Man handelte mit allen bekannten Gewürzen der Welt, das jedenfalls versicherte mir einer der Händler und angesichts der Vielfalt der Gewürze, hunderter Gefäße, Schalen Tüten und Kästchen Gewürzketten und Gewürzpyramiden, glaubte ich es ihm auch unbenommen.
Zum ersten Mal roch ich den betörenden Duft des Safrans, genoss das Aroma von Zimtstangen und Vanilleschoten, Nelken, Sternanis, Kardamom und auch all der mir unbekannten Gewürze.
Ich fragte den Händler, ob er wüsste, wie viele verschiedene Gewürze es auf diesem Basar gab, aber darauf konnte er mir keine Antwort geben. Er sagte mir jedoch, dass ich jedes erdenkliche Gewürz bei ihm kaufen könnte und wenn er es nicht vorrätig hätte, würde es ihm zur Ehre gereichen, es in kürzester Zeit für mich zu besorgen.
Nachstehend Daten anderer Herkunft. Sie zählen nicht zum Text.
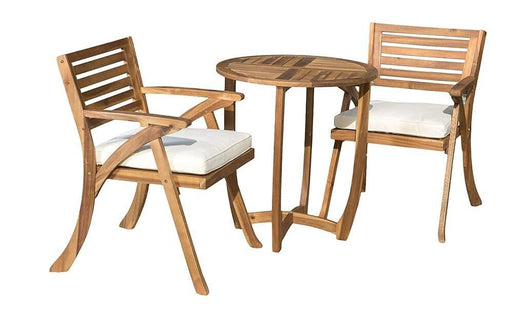 Outdoor Hermosa 3 Pieces KD Wood Dining Set With Cushions,Teak Finish - DTYStore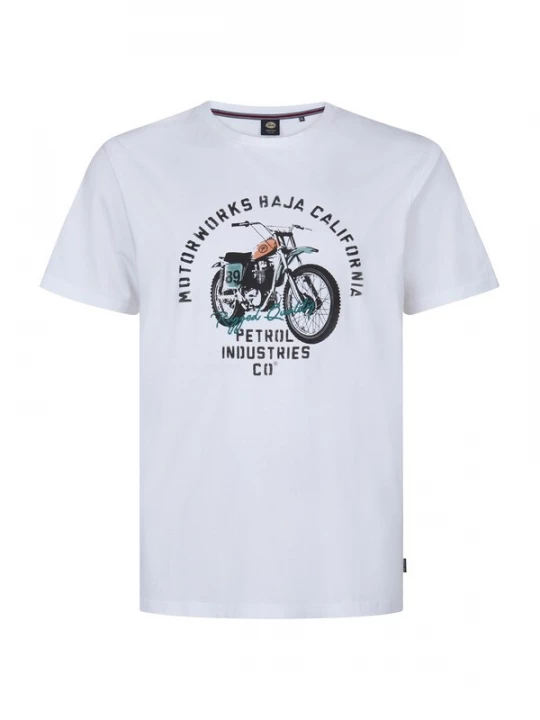 Foto van product Petrol Industries Shirt 'Classic' smaragd / mandarijn / zwart / wit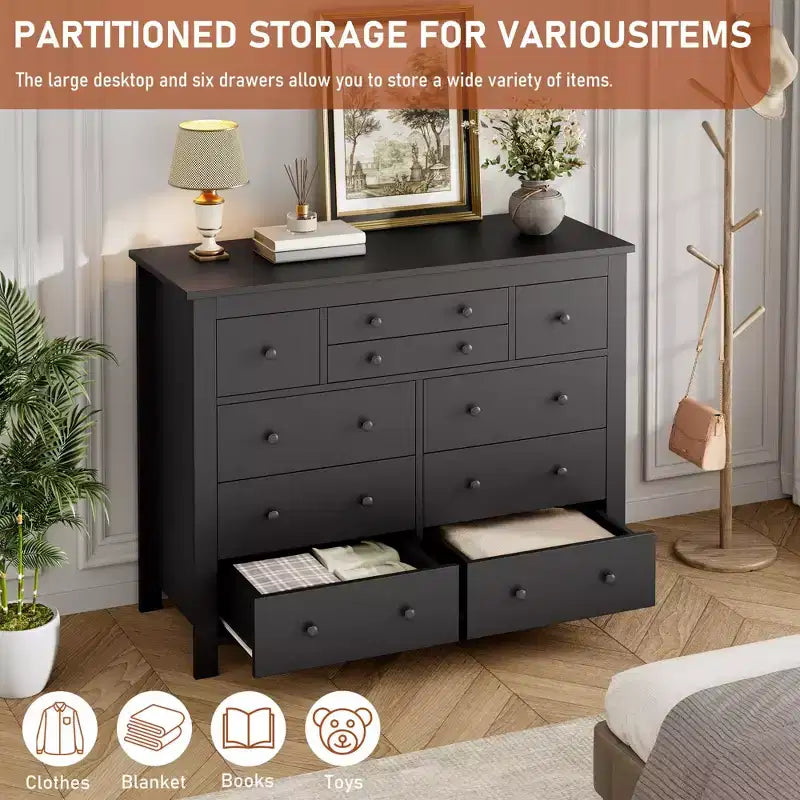 Modern Wooden Storage Dresser for Closet, 10 Drawer Large Black Dresser for Bedroom, Deep Drawers,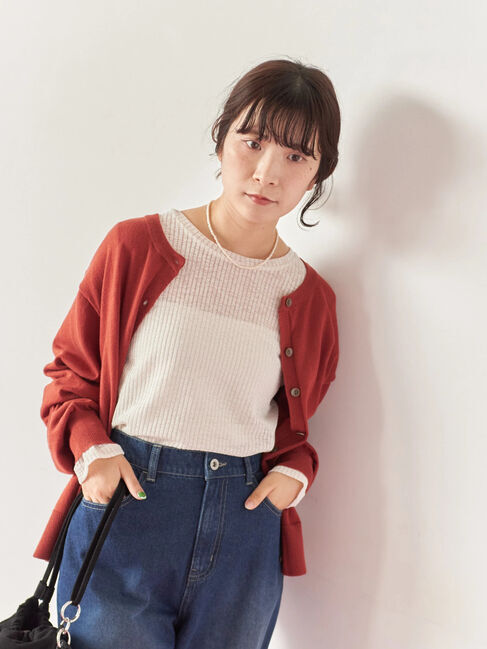 Samansa Mos2 blue「マルチスタイル前後2wayクルーネックカーディガン」|カーディガン|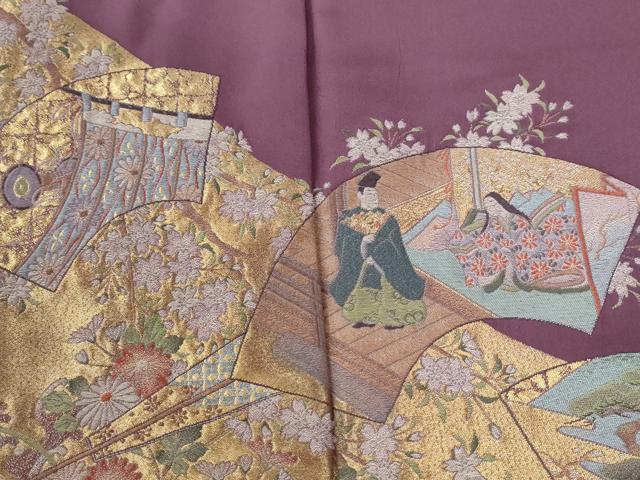平和屋着物●豪華振袖 寿光織 地紙人物几帳御所車花文 金糸 正絹 逸品 CABI3027yc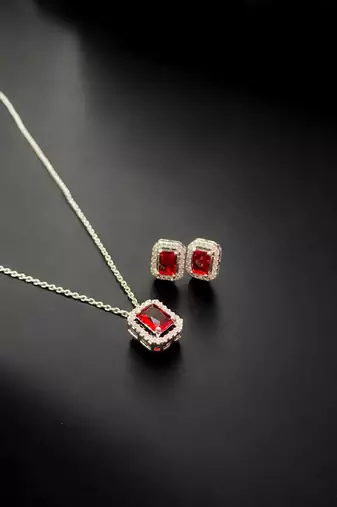Elegant emerald red crystal pendant necklace & stud earrings set | rhodium plated american diamond jewelry set for women
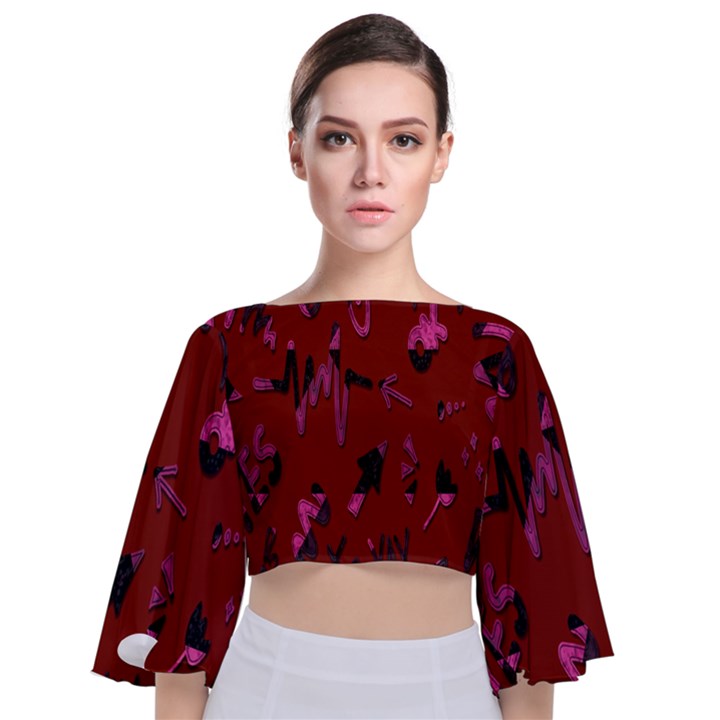 Doodles Maroon Tie Back Butterfly Sleeve Chiffon Top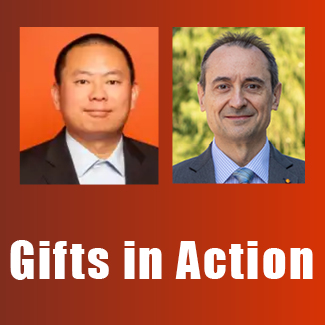 Gifts in Action graphic image with text and two headshots - one of Illinois CS alumnus Bruce Ge on the left and the other of Illinois CS professor Josep Torrellas on the right.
Für diesen Tag genügten mir allerdings ein paar mir bekannter Gewürze, doch vor allen anderen Gewürzen war ich wegen des berühmten Currys hier, der ganz frisch, auf Wunsch der Kunden zusammengestellt wurde. Ich wollte mich da jedoch lieber auf die Kenntnisse des Händlers verlassen und bat ihn, mir ein Curry zu komponieren. Sichtlich stolz über mein Vertrauen mischte er über zwanzig Gewürze zu einer grandiosen Komposition zusammen. Dann schüttete er die Gewürze in eine Mühle und beim Zerkleinern der Gewürzmischung strömte das herrlichste Aroma aus, das man sich vorstellen kann. Frisch gemahlen, schüttete der Händler das Currypulver dann in ein luftdichtes Gefäß.
Bei meinem Abschied wusste ich genau, dass ich den Gewürzsouq sicher noch oft besuchen würde.
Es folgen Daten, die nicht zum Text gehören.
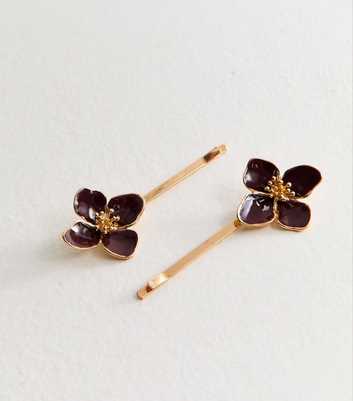 Pack Of 2 Burgundy Flower Hair Slides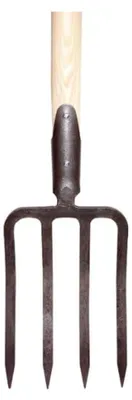 Produktbild von Spatengabel 4 Zinken geschmiedet Federdülle Stahlkopf 280x180mm 80cm Eschenstiel
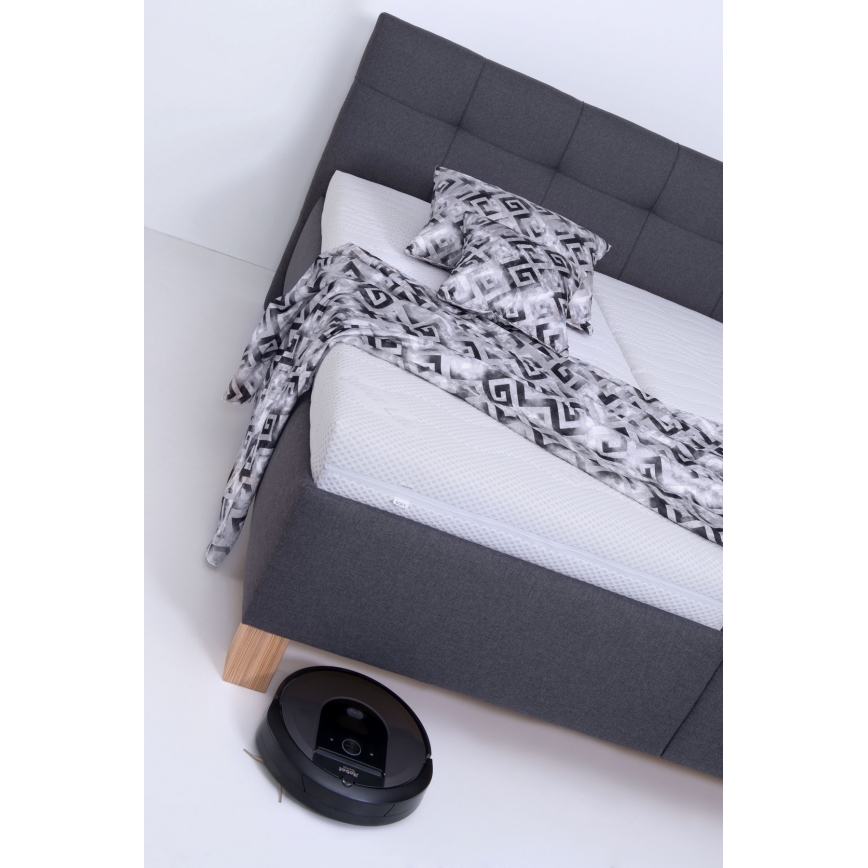 Gestoffeerd bed met opbergruimte MARIA 160x200 cm, zonder matras, grijs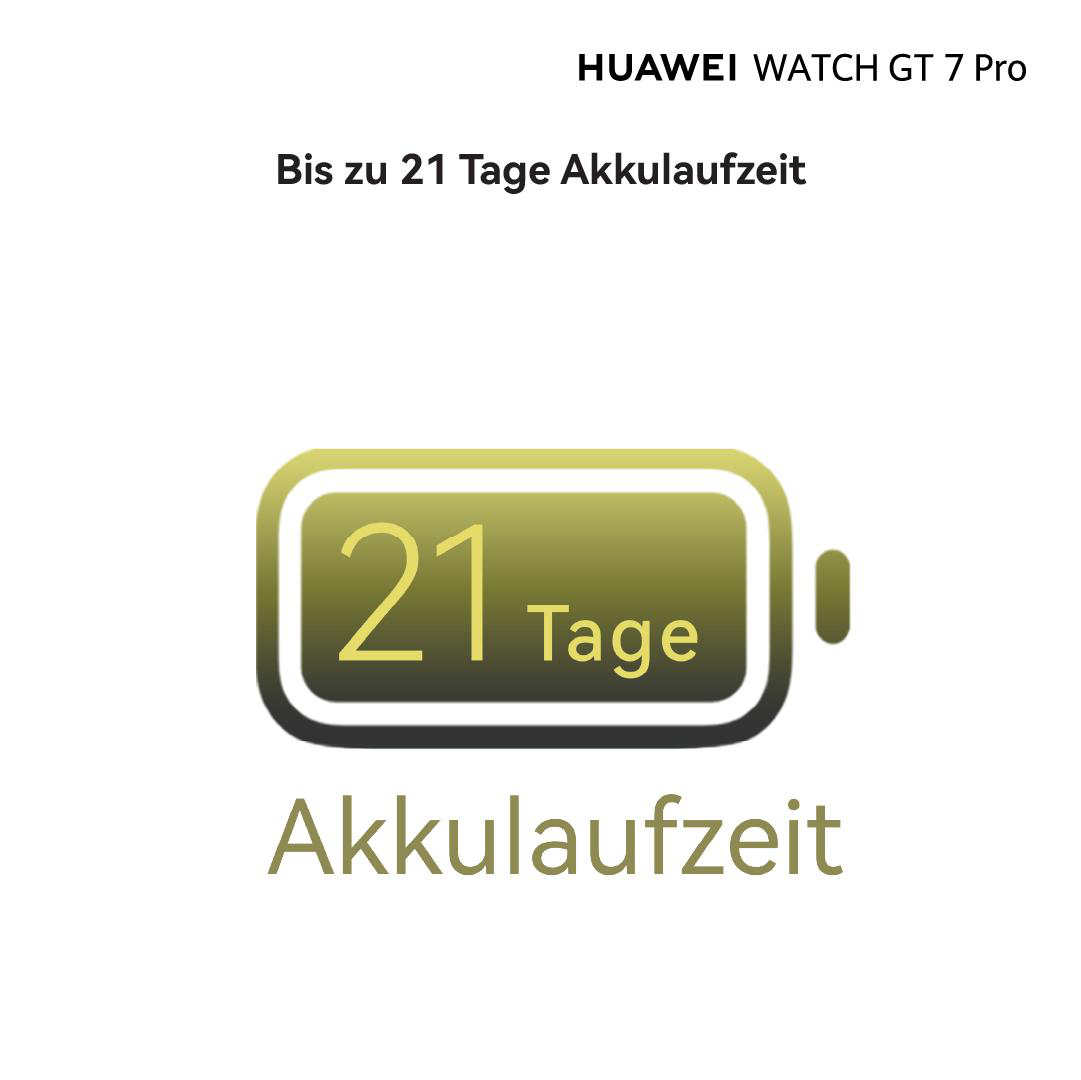 Huawei Watch GT 7 Pro Werbung mit Batteriesymbol und 21 Tagen Akkulaufzeit.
Nach einem Bummel durch die Gassen der Kupfer-und Messingschmiede, der Goldhändler, und der Textilverkäufer zog es mich jedoch in das Lokal am Buskreisel, denn der Appetit auf ein Bier war durch die lange Enthaltsamkeit sehr groß. Beim Eintreten sah ich, dass bereits einige meiner Kollegen an den Tischen saßen und auf die Heimreise anstießen. Ich schloss mich diesem Prosit gern an.
Am nächsten Tag fand dann meine Heimreise statt.
Auf dem Vorplatz des Flughafens standen hunderte Passagiere und warteten auf die Abfertigung, aber was ich an jenem Abend zu sehen bekam, verschlug mir einfach die Sprache.
Da standen mehrere hundert Chinesen in blauen Arbeitsanzügen und mit Schirmmützen auf dem Kopf, artig wie Schulkinder in Zweierreihe, hintereinander aufgereiht, wie auf eine Perlenschnur.
Wir deutschen Monteure warteten im Pulk auf den Vorplatz aber mit so einer Unordnung konnte die irakische Flughafenbehörde natürlich nicht zufrieden sein.
Ein Sicherheitsbeamter des Flughafens ging durch unseren ungeordneten Haufen, laut „one by one, one by one“ rufend, was bedeutete, dass auch wir uns in Zweierreihe aufstellen mussten, um in den Flughafen eingelassen zu werden. Peinlich genau wurde überwacht, ob das auch klappte. Das war mir so zum letzten Mal in der Grundschule passiert.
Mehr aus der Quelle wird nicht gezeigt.